Mon attachement à cet écrivain méconnu, à l'humour particulier, ne s'est depuis jamais démenti. Son œuvre présente deux modalités d'expression : d'abord humoristique, parodique (Anna, Les Aventures de Sivis Pacem et Para Bellum, Les Grands légumes célestes vous parlent), puis, après le référendum de 1980, mélancolique (Voyage en Irlande avec un parapluie, Le Pont de Londres, Voyage au Portugal avec un Allemand) ; entre ces deux séries, un roman de transition : Souvenir du San Chiquita.

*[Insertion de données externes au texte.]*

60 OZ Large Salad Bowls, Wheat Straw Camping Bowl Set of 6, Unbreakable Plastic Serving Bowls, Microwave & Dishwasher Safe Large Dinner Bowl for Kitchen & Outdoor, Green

Or, ces modalités sont les deux facettes d'une même réalité, d'une même impossibilité, que Gauthier n'a jamais cessé d'explorer, jusqu'au silence. La question posée sera toujours la même : comment être original ? comment ne pas répéter ce qui a déjà été écrit (dit, fait) par d'autres ? Comment être authentique ? Qu'est-ce qui fonde l'identité ? Qu'est-ce qu'être québécois ? C'est par cette, ou ces questions que je suis né à moi-même ; aujourd'hui encore, elles me définissent.
Vous remarquerez, tous les titres cités plus haut reprennent des clichés, des lieux communs. Du coup, je pense à Laferrière. Chez lui, le cliché, aussi très présent, est un vecteur d'énergie, et renvoie à l'art naïf, à une expérience positive du monde. Chez Gauthier, rien de tel ; l'exubérance, l'énergie du cliché se retourne contre la littérature, puis, se vidant, s'épuisant, contre le narrateur lui-même, qui, malgré ses voyages, ne trouve pas d'issue à son mal-être.
Les romans de Gauthier me font aussi penser à ceux de François Blais (1973-2022), son héritier spirituel. Même esprit parodique, même lucidité féroce, pour paraphraser Emil Cioran. L'issue : le silence pour le premier, le suicide pour le second.
Mais l'écriture de Gauthier me semble plus resserrée, précise, dépouillée, d'une grande maîtrise. Je joins à ce billet deux pages tirées des Grands légumes célestes vous parlent, en espérant vous donner le goût de (re)lire cet auteur sous-estimé.
Référence :
Louis Gauthier, Les Grands légumes célestes vous parlent, précédé de Le Monstre-mari, Montréal, Cercle du livre de France, 1973, 153 p.